Rumer Godden •
The Greengage Summer •
Cecil, her three sisters, and her brother are marooned at a tiny French hotel when their mother falls ill during a trip abroad. The proprietress of Les Oeillets—which courts the tourist trade by freshening the bullet holes over its staircase and burying a skull in the garden for visitors to “discover”—is none too pleased about being saddled with “an orphanage.”
But Eliot, another English guest, steps in to care for them. From the first the children are puzzled by his moodiness. Seeing seven-year-old Willmouse’s preoccupation with clothing, he gives the boy a lavishly illustrated book of old masters; when Cecil makes her transition into womanhood he is kindness personified. But he also scolds for no reason, changes plans abruptly, and disappears for days at a time.
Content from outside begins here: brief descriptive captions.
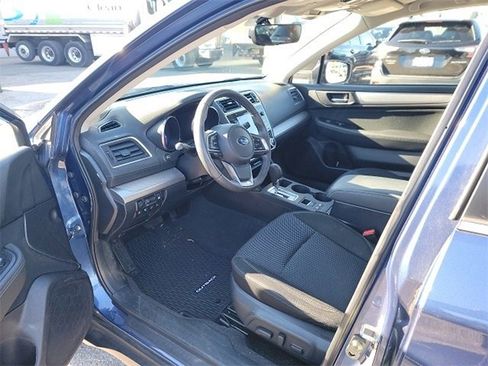 Used 2019 Subaru Outback 2.5i Premium w/ Popular Package #2 image 9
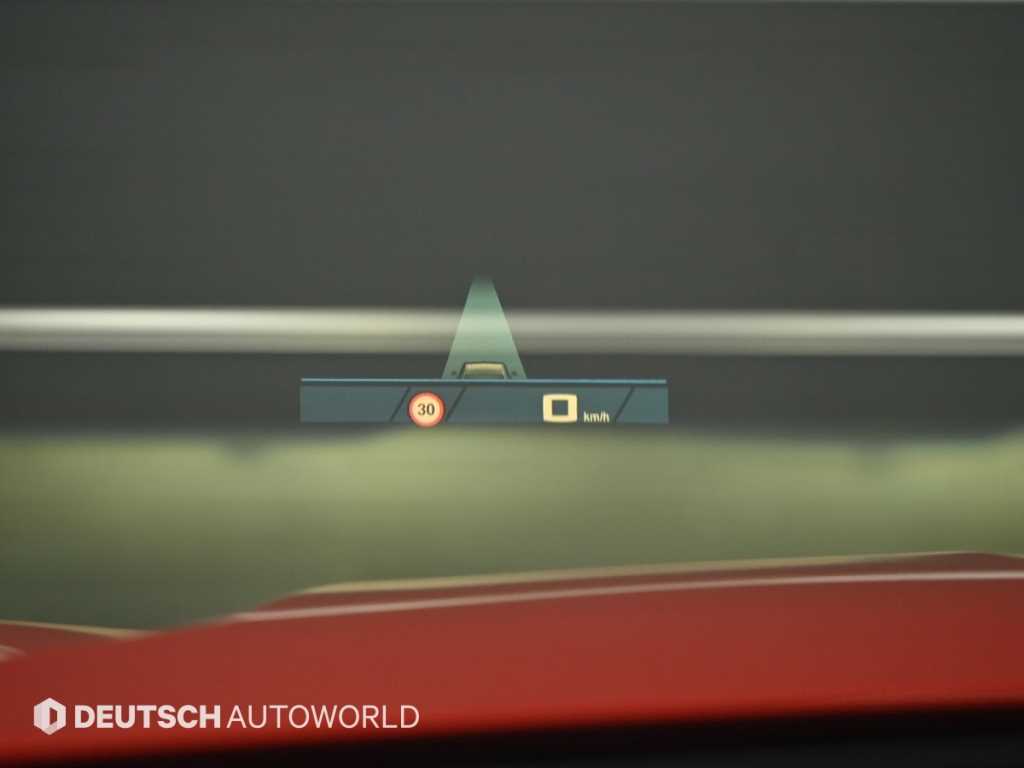 BMW XM — photo 17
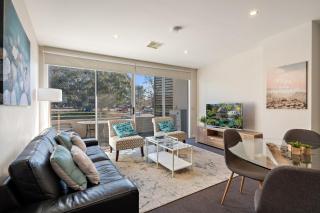 Stylish Curtin Stay with Balcony Views - Lyons - 0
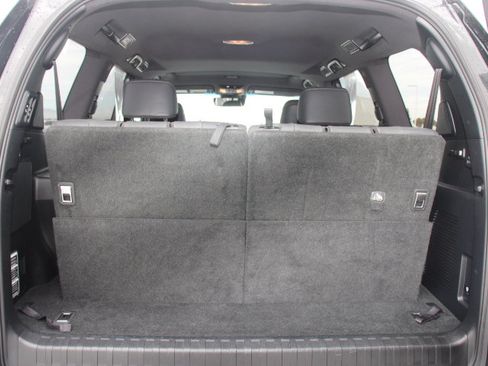 Used 2022 Lexus GX 460 Premium w/ Accessory Package AWD/4WD image 19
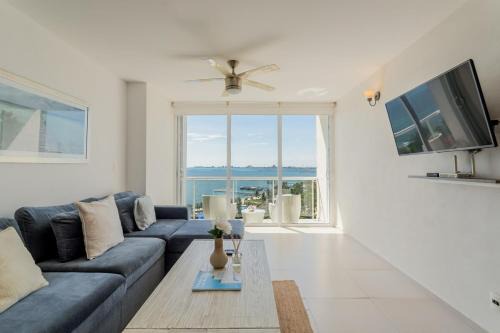 CORAL Beachfront 2BDR with pool by Casa Paraiso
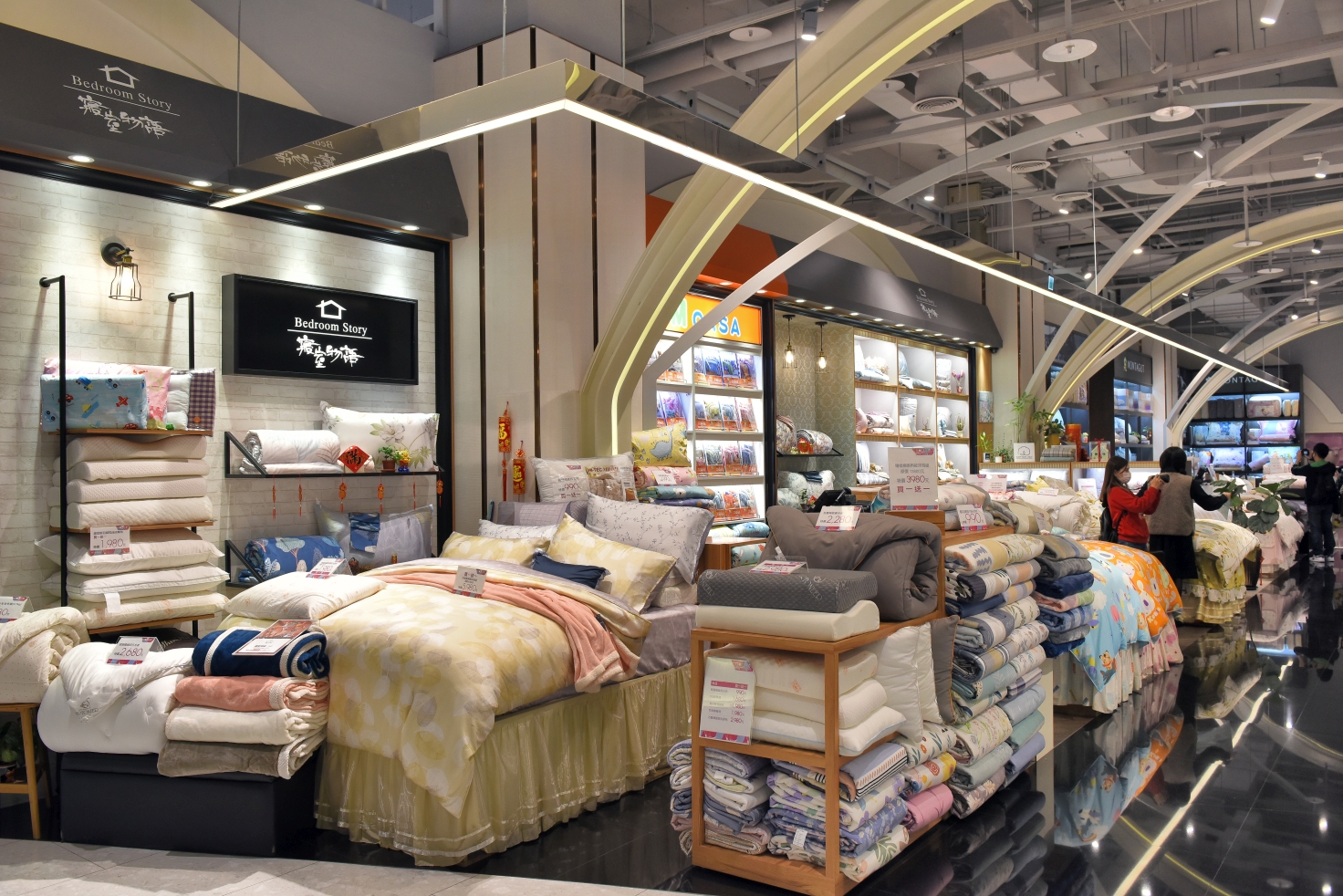 [桃園中壢] 玉兔迎春添新象，新春福氣攏厚力，桃園中壢美食集中地，快來大江購物中心沾沾春節喜氣！ @尼豪的美食旅行手札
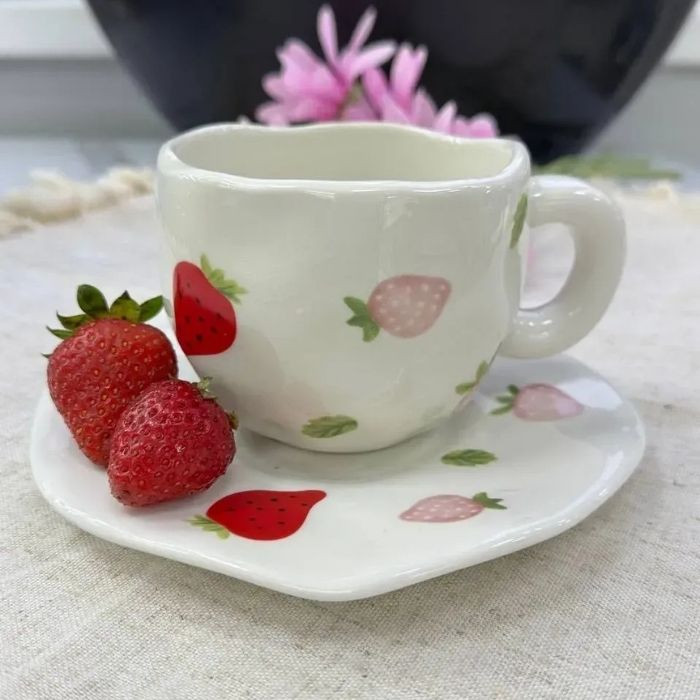 Чашка з блюдцем Morango 300 мл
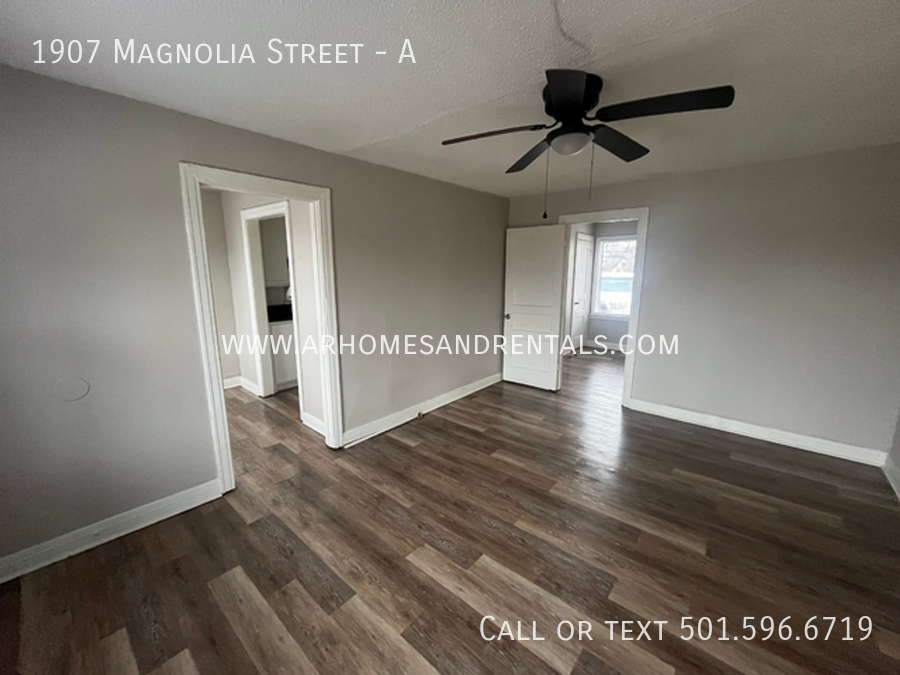 1907 N Magnolia St #A - Photo 2 of 6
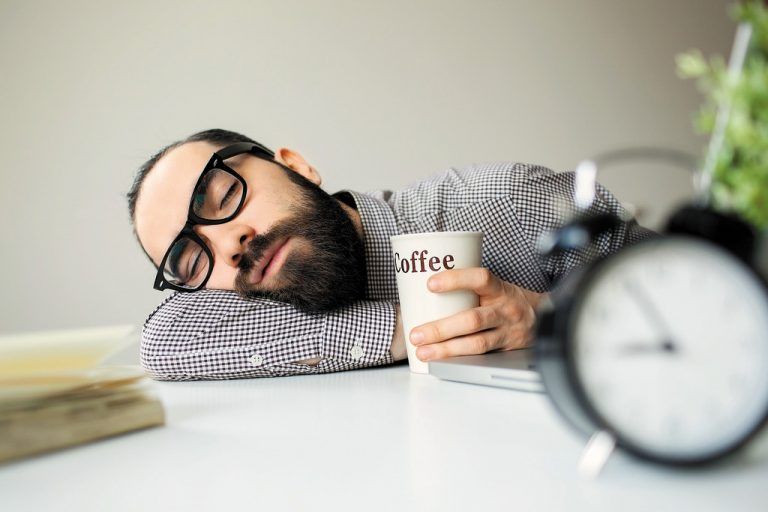 Unsere innere Uhr macht uns zu Nachteulen. Morgenstund’ hat deshalb nicht für jeden Gold im Mund.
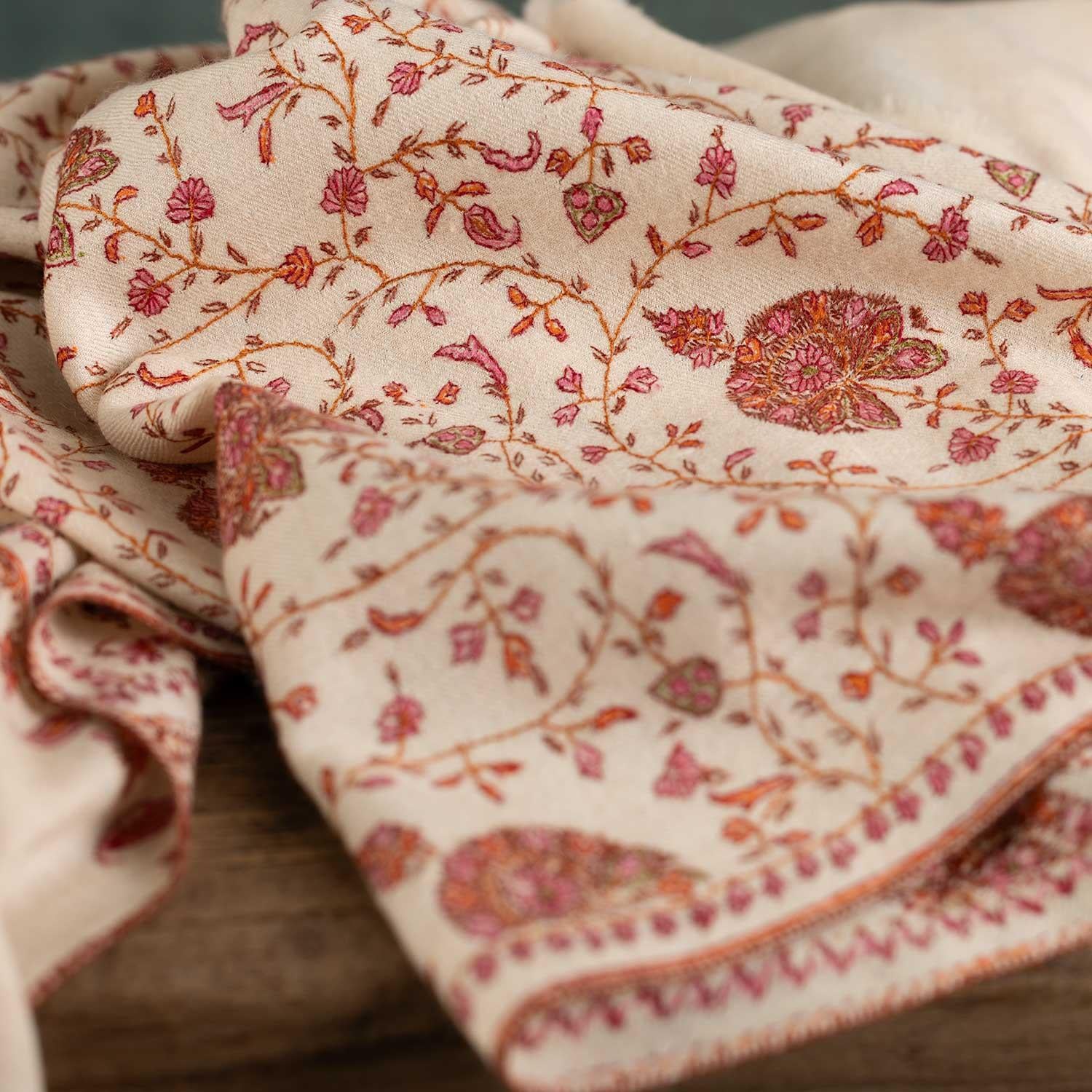 Hand Embroidered Jamawar Shawl Mutmeen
Meanwhile, 16-year-old Joss has blossomed into a head-turning beauty, and all the males in the vicinity—Eliot included—begin acting strangely around her. And on the night of the Brass Instruments Ball, events take a sinister turn.
Godden anchors the story with a wealth of believable detail. The children are spaced three years apart because the expeditions of their botanist father usually last three years. Joss, taking a correspondence course in art, feels obliged to write to the instructor, “I am sorry I cannot find a naked man anywhere.” Cecil is the most proficient in French because the punishment at her school in England consisted of learning French poetry.
When a police inspector reveals the extent of Eliot’s wrongdoing and asks triumphantly, “Are you going to like him after that?” the three younger children respond in unison, “Yes.” And even with the law on his heels, Eliot manages a parting act of thoughtfulness. “He always did look after us,” says Hester.